En 2049, la Chine célébrera le centenaire de la révolution de Mao Tsé-toung, ce qui devrait sceller l’ascension du pays au rang de première puissance mondiale. Avec la nouvelle «Route de la soie» terrestre et maritime, Pékin poursuit un projet de nature économique qui lui permet d’étendre son influence géopolitique. En même temps le Parti communiste chinois renforce son emprise à l’intérieur de la Chine, dont il contrôle tous les aspects de la vie sociale. La recherche de nouveaux débouchés pour écouler la surcapacité de la production chinoise en acier, en ciment et autres matériaux sert de justification à cette gigantesque entreprise qui transformera l’Asie centrale en la désenclavant et en la dotant d’infrastructures nouvelles – routes, voies de chemin de fer, ports et aéroports… Il s’agit aussi de garantir l’approvisionnement de la Chine en énergie. Soixante pays sont associés à cette initiative, ouverte à tous ceux qui veulent y participer et destinée à faciliter les échanges commerciaux, de capitaux et de personnes. Mais les investissements colossaux auxquels elle donne lieu favorisent l’endettement des pays partenaires avant qu’ils n’en bénéficient. La taille même de la République populaire crée une relation inégale avec ces derniers.
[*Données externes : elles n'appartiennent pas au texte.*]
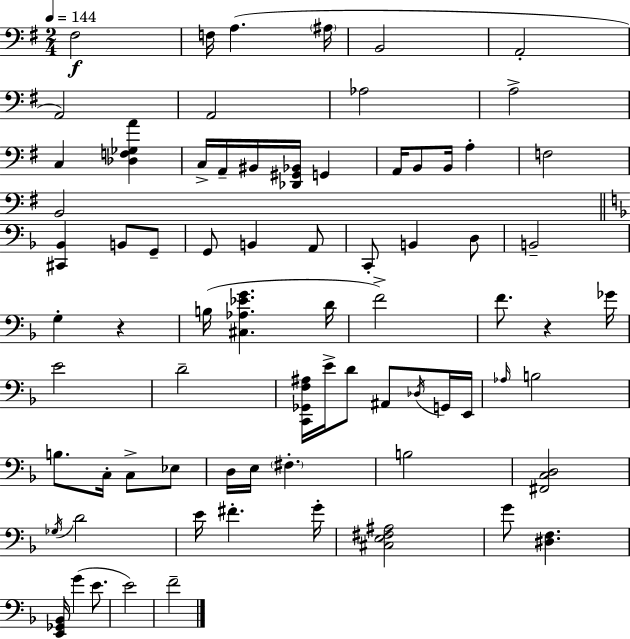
F#3/h F3/s A3/q. A#3/s B2/h A2/h A2/h A2/h Ab3/h A3/h C3/q [Db3,F3,Gb3,A4]/q C3/s A2/s BIS2/s [Db2,G#2,Bb2]/s G2/q A2/s B2/e B2/s A3/q F3/h B2/h [C#2,Bb2]/q B2/e G2/e G2/e B2/q A2/e C2/e B2/q D3/e B2/h G3/q R/q B3/s [C#3,Ab3,Eb4,G4]/q. D4/s F4/h F4/e. R/q Gb4/s E4/h D4/h [C2,Gb2,F3,A#3]/s E4/s D4/e A#2/e Db3/s G2/s E2/s Ab3/s B3/h B3/e. C3/s C3/e Eb3/e D3/s E3/s F#3/q. B3/h [F#2,C3,D3]/h Gb3/s D4/h E4/s F#4/q. G4/s [C#3,E3,F#3,A#3]/h G4/e [D#3,F3]/q. [E2,Gb2,Bb2]/s G4/q E4/e. E4/h F4/h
Les républicains abandonnent le libre-échange

Le phénomène Trump a nourri la plupart des discussions consacrées aux Etats-Unis. Il a transformé le Parti républicain naguère partisan du libre-échange en un parti protectionniste, tandis que le centre s’est effondré. Il divise le pays en se dressant contre les démocrates. Le 45e président a aussi transformé la politique mondiale en amplifiant le courant populiste anti-immigrés, hostile aux minorités – il est à la tête d’un mouvement qui va du Brésil à la Pologne… Refusant d’apparaître comme le leader du monde libre, il s’est retiré de l’Accord de Paris sur le climat, de l’accord nucléaire avec l’Iran et même de l’Union postale universelle. Il a transformé le rôle de la présidence en s’en prenant à d’autres institutions de la vie publique des Etats Unis, la Justice, le FBI, la presse, et jusqu’à la Réserve fédérale. Il insulte ses adversaires aussi bien que ses alliés tout en affichant sa sympathie pour les hommes politiques autoritaires tels que Poutine, Xi Jinping ou Kim Jong-un. Accusant la plupart des partenaires commerciaux des Etats-Unis de tricher par le jeu des organismes multilatéraux, il renégocie non sans succès des accords bilatéraux avec la Corée du Sud, le Mexique et le Canada. Ces pays lui font quelques concessions relativement mineures – diminution de quotas, accroissement des importations américaines – après quoi il peut se vanter d’une grande victoire.

Trump en force

On peut penser que l’accord avec la Chine suivra le même modèle et que l’on arrivera – au cours des prochaines semaines – à une entente sur le plan commercial et peut-être même sur les droits de propriété intellectuelle. Les problèmes stratégiques et militaires quant à eux subsisteront. On constate que la conclusion du nouvel accord avec le Mexique et le Canada a redoré le blason de Trump et lui a permis de remonter sa cote dans l’opinion publique, tout comme l’élection du juge Brett Kavanaugh à la Cour suprême. A une semaine des élections de mi-mandat, la vague bleue favorable aux démocrates a été stoppée, même si normalement ceux-ci devraient pouvoir encore emporter la Chambre des représentants. Mais les républicains devraient conserver le Sénat et même y accroître légèrement leur majorité.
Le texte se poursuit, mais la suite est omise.